Great readings

Sourced from many other blogs. Difficult to remember and acknowledge them individually when one reads many of them on the train-ride to work:

There’s a real reluctance to crystallise losses (Emphasis mine and that is a behavioural issue too for institution and individual investors) as many of the banks just don’t want to take a hit. As the situation in Greece deteriorated, many banks just held on, hoping they could sell off their exposures at a later date,” said Roberto Henriques, head of financial institutions credit research at JP Morgan. [Full article here]

Thanks to a friend, read this sensible piece on the US budget deficit reduction efforts by Tom Coburn, a Republican senator:

What is really happening behind closed doors in Washington would both sicken and inspire the American people. Some in both parties continue to play political games. Yet, many elected officials on both sides are willing to make hard choices. More than 40 senators have come together to discuss the crisis; dozens have privately expressed their willingness to take bipartisan action. But, right now, the possibility of a win-win agreement for America is being turned into a lose-lose stalemate because too many self-serving politicians, special-interest groups and political consultants in Washington are invested in the status quo. [More here]

Clive Crook in the FT cites Tom Coburn:

“I would downgrade us in a minute. I would, knowing what I know.” [More here]

I wonder which view is more current – his Op-Ed. or this one or can both co-exist?

Easwar Prasad’s piece – on the selection of the new IMF Chief – is feisty, bold and recognises realpolitik. The most disappointing thing for me is not that Europe has ditched its promise but this FT European editor Wolfgang Muenchau was quick off the blocks to write a Op-Ed making the case for European to succeed another European – last Monday itself. That was disgusting and disappointing to me.

Easwar Prasad’s piece is the best of the lot.   There are many among my friends who argue that India should identify itself closely with US interests and seek opportunities to do so. Yours Truly has been and remains a sceptic of that. The big powers – China and the US and the marginal one Europe – bat for their interests. We should do so too. There are no other overarching principles. US’ and China’s actions, inimical to India, differ only in degrees. Yes, I am aware of 1962, stapled visas, nuclear deal vote and much else. To all of you who throw these at me, the only answer I have is that you should go read, ‘Deception’ by Adrian Levy and Catherine Scott-Clark.  
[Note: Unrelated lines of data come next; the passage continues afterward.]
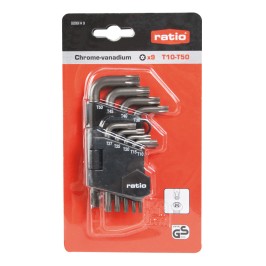 LLAVES TORX SEG.JGO.9(T10-T50)RATIO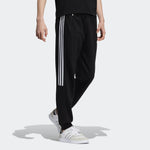 Men's adidas neo Icons 3s Tp Stripe Logo Sports Pants/Trousers/Joggers Black H14232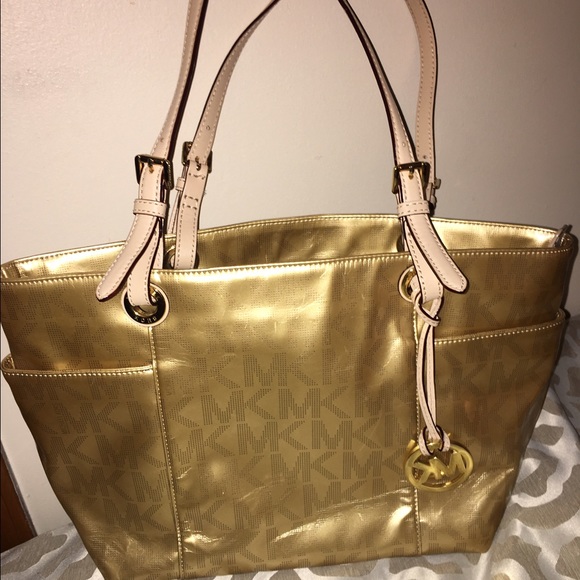 Michael Kors gold bag!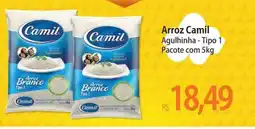 Atacadão Arroz Camil Agulhinha - Tipo 1 Pacote oferta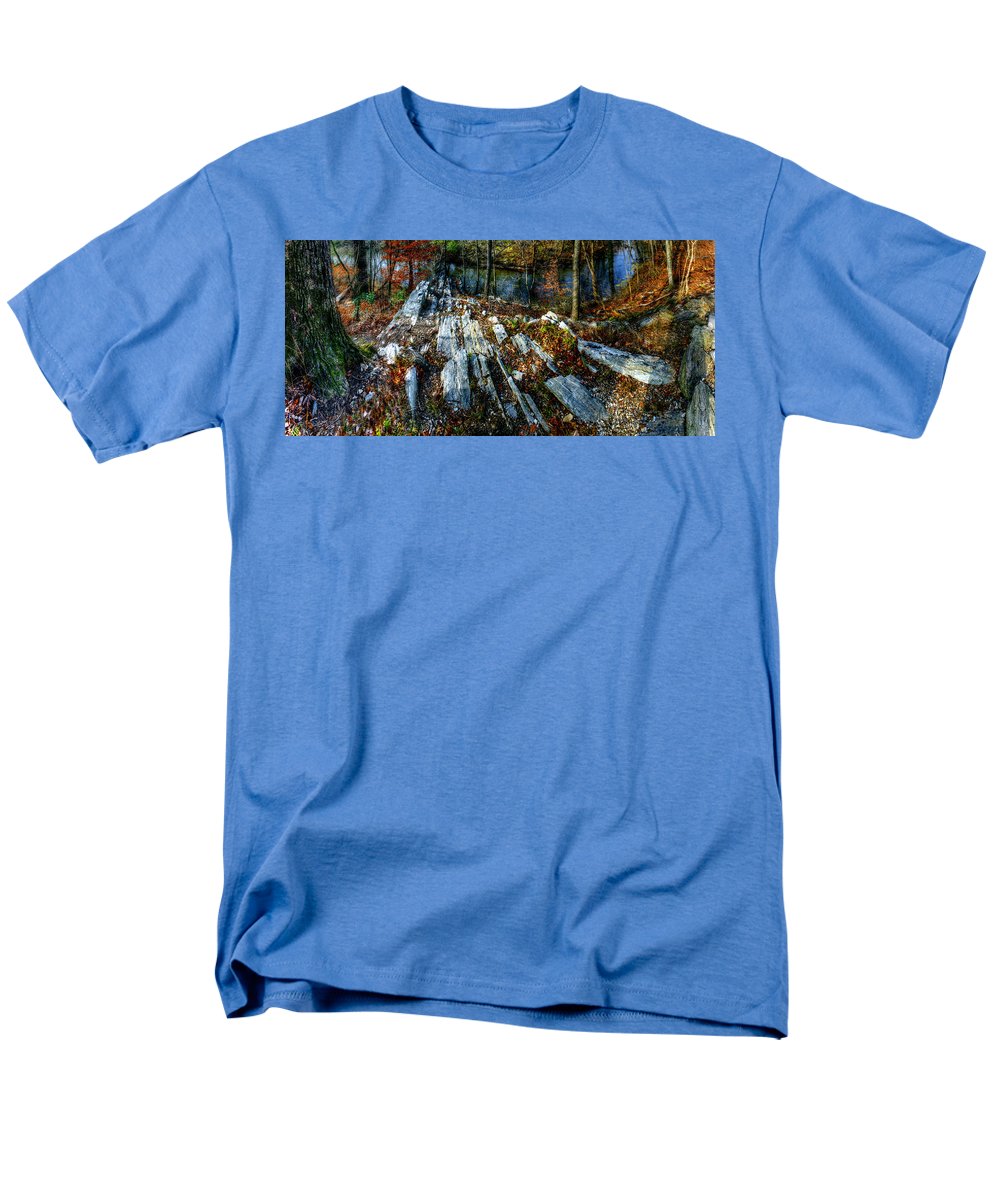 Panorama 3170 Morris Arboretum of the University of Pennsylvania - Men's T-Shirt (Regular Fit)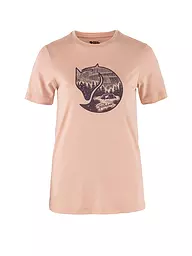 FJÄLLRÄVEN | Camiseta funcional de mujer Abisko Wool Fox | Rosa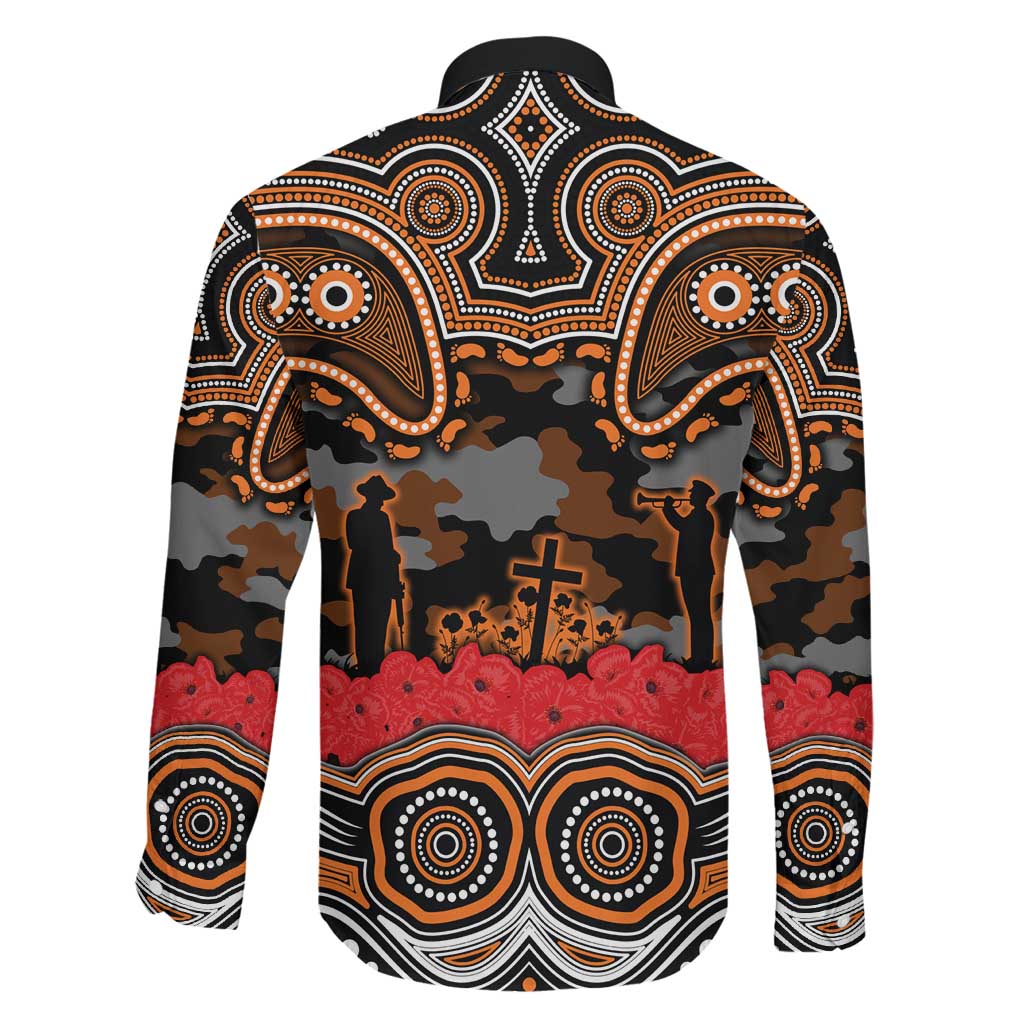 ANZAC Day Wests Tigers Family Matching Off The Shoulder Long Sleeve Dress and Hawaiian Shirt Military Memorial Aboriginal Indigenous Art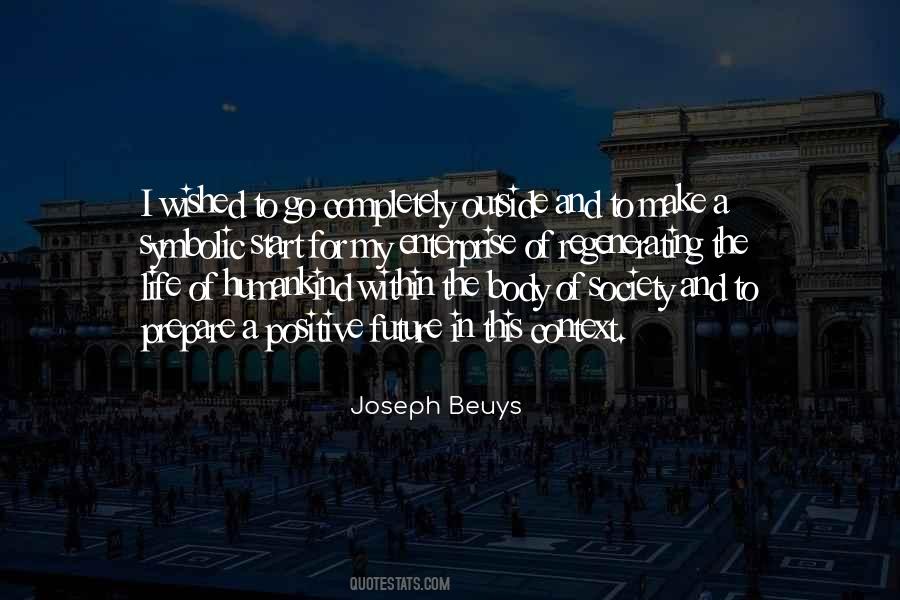 Joseph Beuys Quotes #139370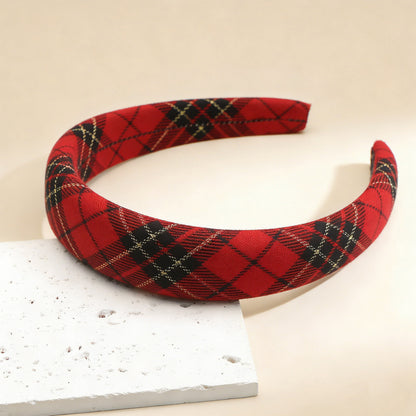Vintage Checkered Headband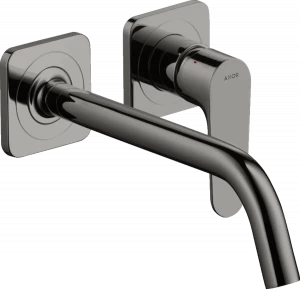 34116330 Смеситель для раковины, однорычажный, скрытого монтажа, настенный, с изливом 227 мм и розетками AXOR CITTERIO M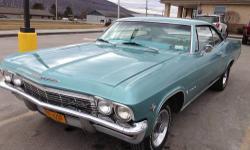 If you are looking for a affordable great running and driving classic all original with matching engine 4 speed Impala, this it it !
Only 133,000 original miles ! It has never been hacked up and always stored inside. No rust anywhere, solid frame and all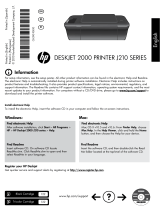 HP Deskjet 2000 Printer series - J210 Guía de instalación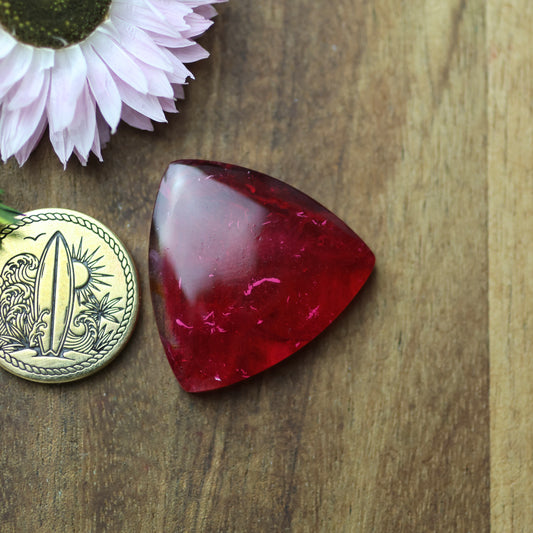 Gower Surfite Cabochon - approx. 26 x 26 x 5.3 mm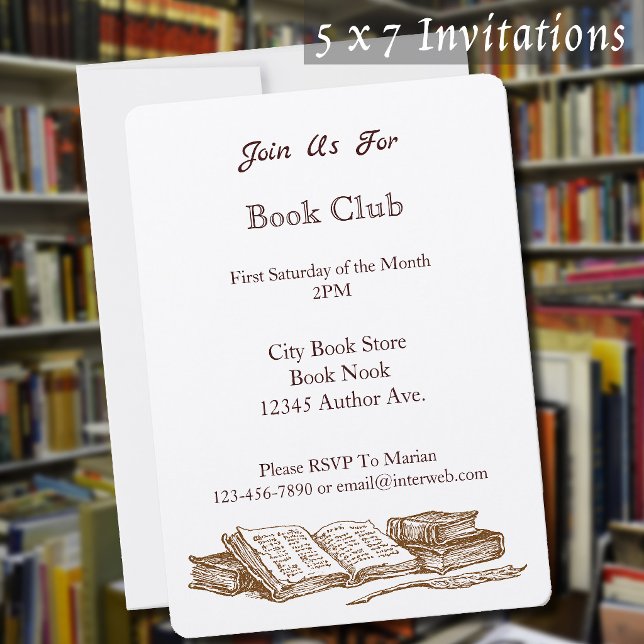 Vintage Kunstgalerie: Einladung (Book Club Vintage Art Custom 5x7' Invitations)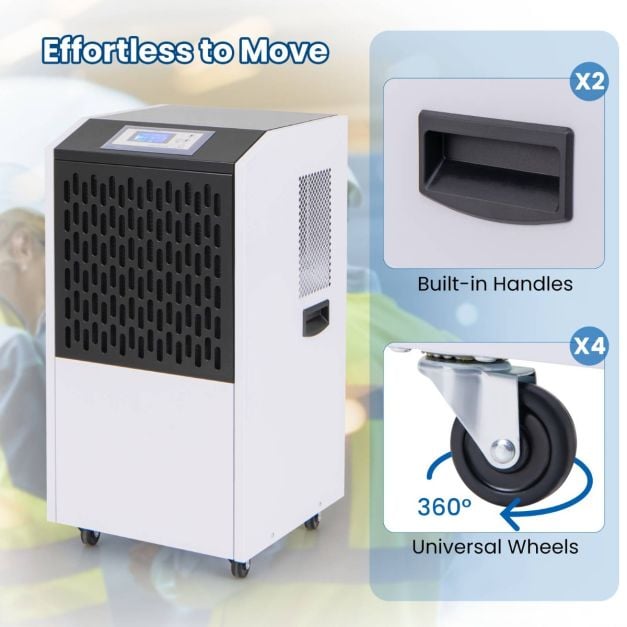 120L Commercial Industrial Dehumidifier for Spaces up to 500㎡-White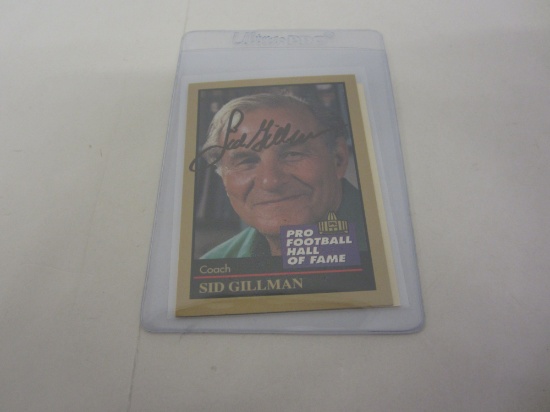 Sid Gillman Pro Football Hall of Fame Autograph card with COA!
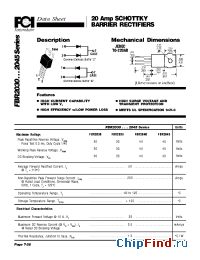 Datasheet FBR2030 manufacturer FCI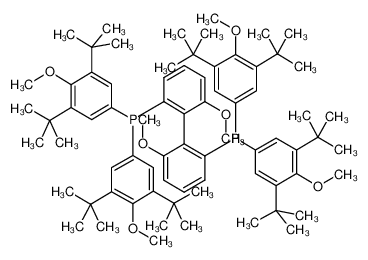 (R)-(-)-2,2'-双[二 (3,5-二-叔丁基-4-甲氧基苯基)膦基]-(二苯基膦)-6,6'-二甲氧基-1,1'-联苯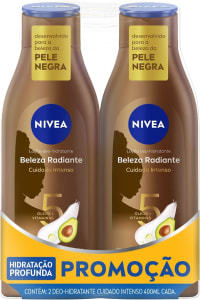 Kit 2 Hidratantes Nivea Cuidado Intenso - 400ml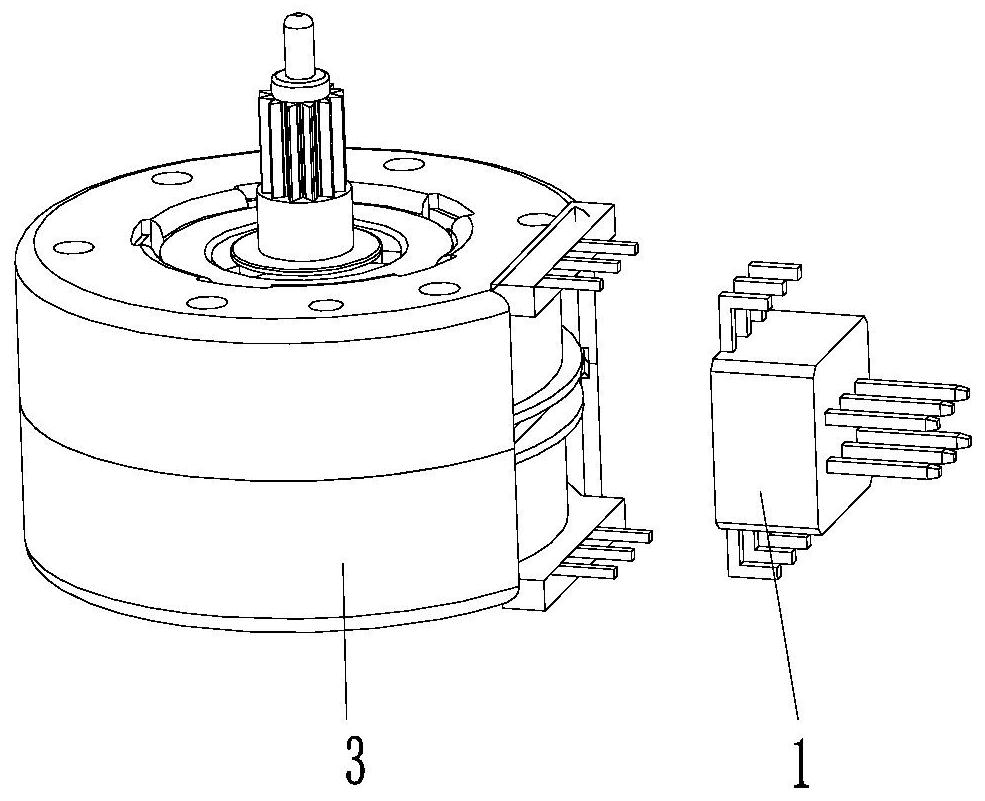 Stator assembly and motor using same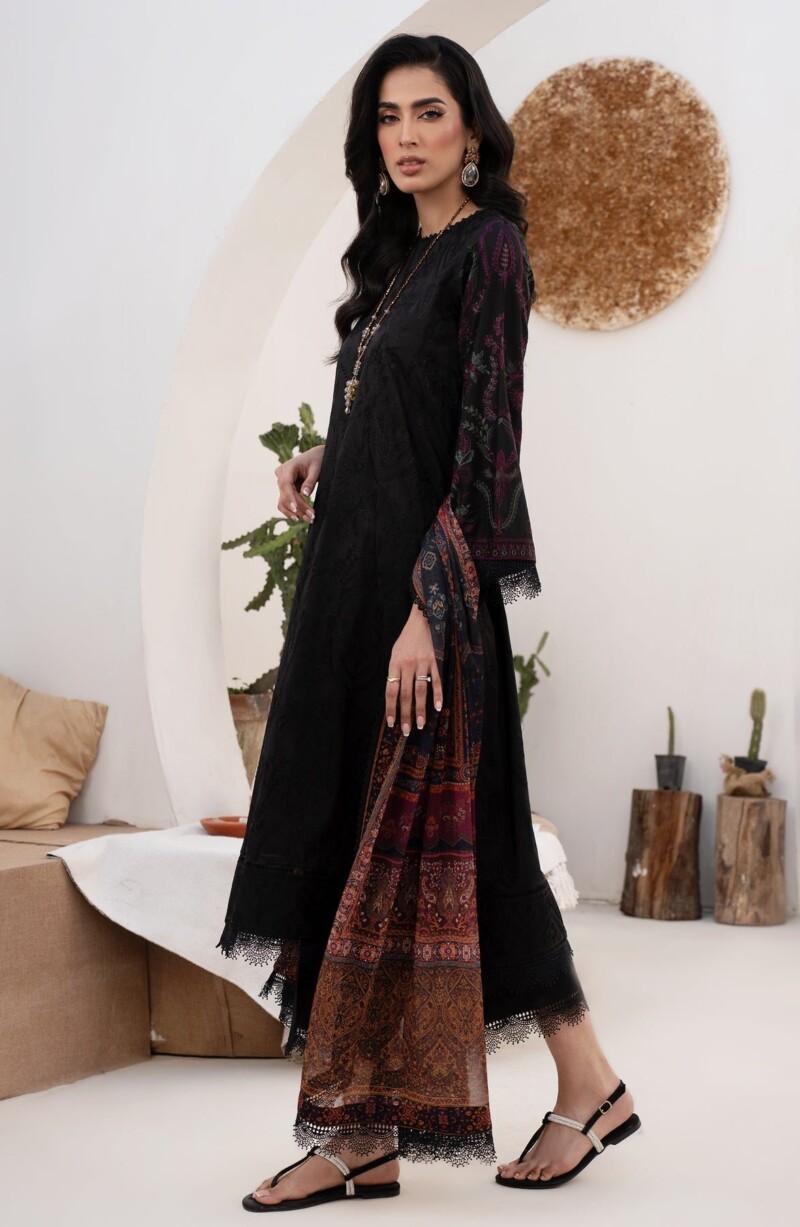 Zarif Zl-04 Julia Eid Embroidered Lawn 3Pc Suit Collection 2024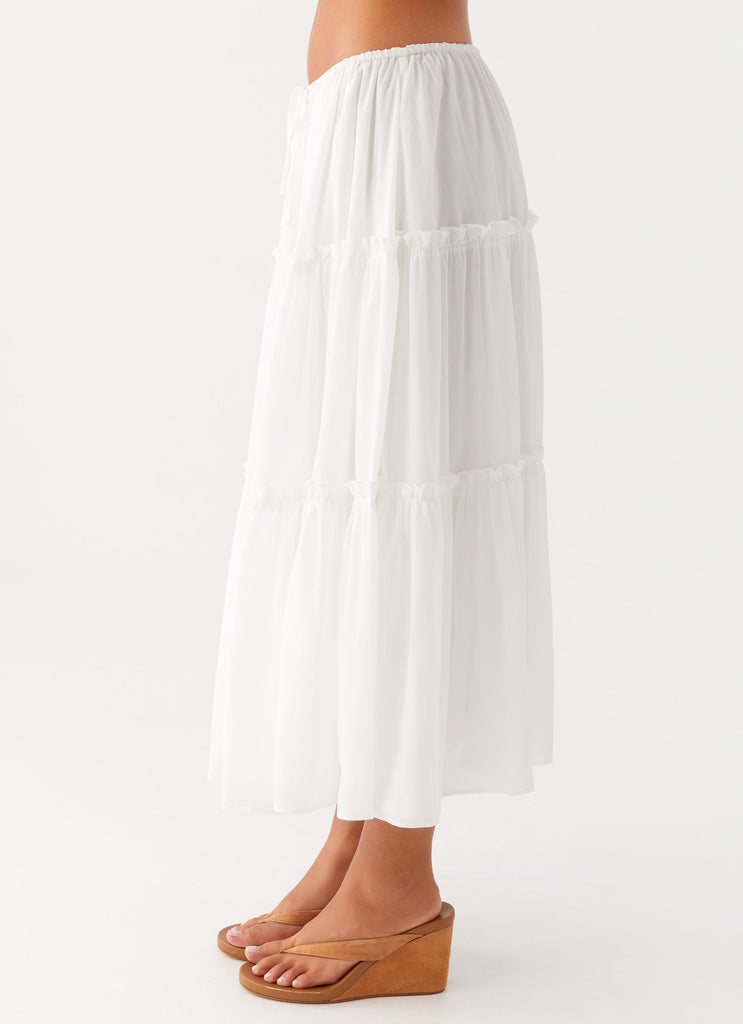 Evi Midi Skirt Ivory 2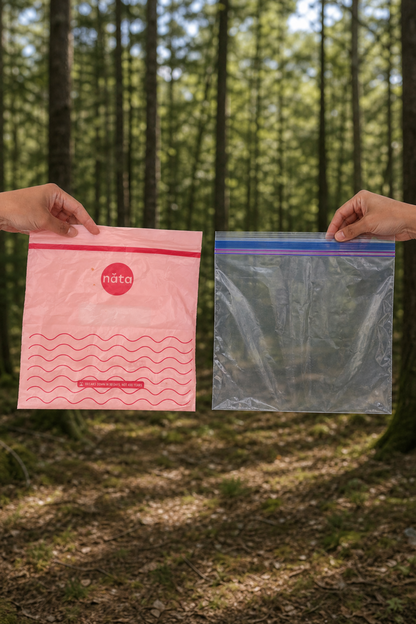 Nata Zero Waste Gallon Zip Bags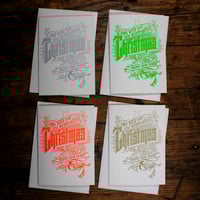 Image 1 of Vintage | Christmas letterpress card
What does it have to do with the current issue? Emerging markets should coalesce around one candidate and Indians should not balk at supporting a Chinese or a Singapore candidate if a consensus emerges around them while, at the same time, striking bargains behind the scenes on issues of importance to India, behind the scenes.   The monopoly of the West on institutions of power and thought has to be broken first. Developing nations can fight for their spoils later.

However, if it is clearly agreed that the candidature of Christine Lagarde is only for the unfinished term of the Presidency of Dominique Strauss-Kahn, that might be acceptable.

Jean Pierre-Lehmann’s letter is delightful.

If proof were needed…

… that the world of finance has again gone crazy, thanks in no small measure to the policy of record low interest rates and money printing, you have it now:

LinkedIn soared more than 90% to about $86.60 as it began trading on the New York Stock Exchange, giving the professional-networking site a market value of roughly $9 billion.

The offering of 7.84 million shares has surprised many across Silicon Valley and Wall Street, who say that investors are being taken in by an Internet bubble. The company made $15.4 million in 2010. [More here]

That gives you a P/E multiple on trailing 2010 earnings at 584.4 times.

Update: More on the insanity of LinkedIn valuations here and here.

IMF Chief: time for a change

I was surprised to see how quick off the gates was Wolfgang Muenchau of FT in coming out to bat for another European head for the IMF. I was disappointed too that he said that. Some of these commentators would call for economic openness, transparency and a balanced world but when the opportunity arises, other priorities somehow are more pressing than these. Mohamed El-Erian wrote a good piece calling for the feudal process of selecting the head of the IMF to end. His call was enhanced by his personal declaration of non-interest in the job. He was in the fray the last time around. He is from Egypt.

I am glad to report that Arvind Subramanian takes the battle to Wolfgang Muenchau. He is right to ask the question whether Wolfgang argued for an Asian head of IMF when Asian countries went to the IMF for assistance in 1997-98. I personally think that this is a good opportunity for the Western nations to walk their talk and for the developing world to close ranks behind a good candidate from their own flock, for now. TGS would be happy to see one of the four heading the IMF: Tharman Shanmugarathnam, Trevor Manuel, Montek Singh Ahluwalia or Arminio Fraga.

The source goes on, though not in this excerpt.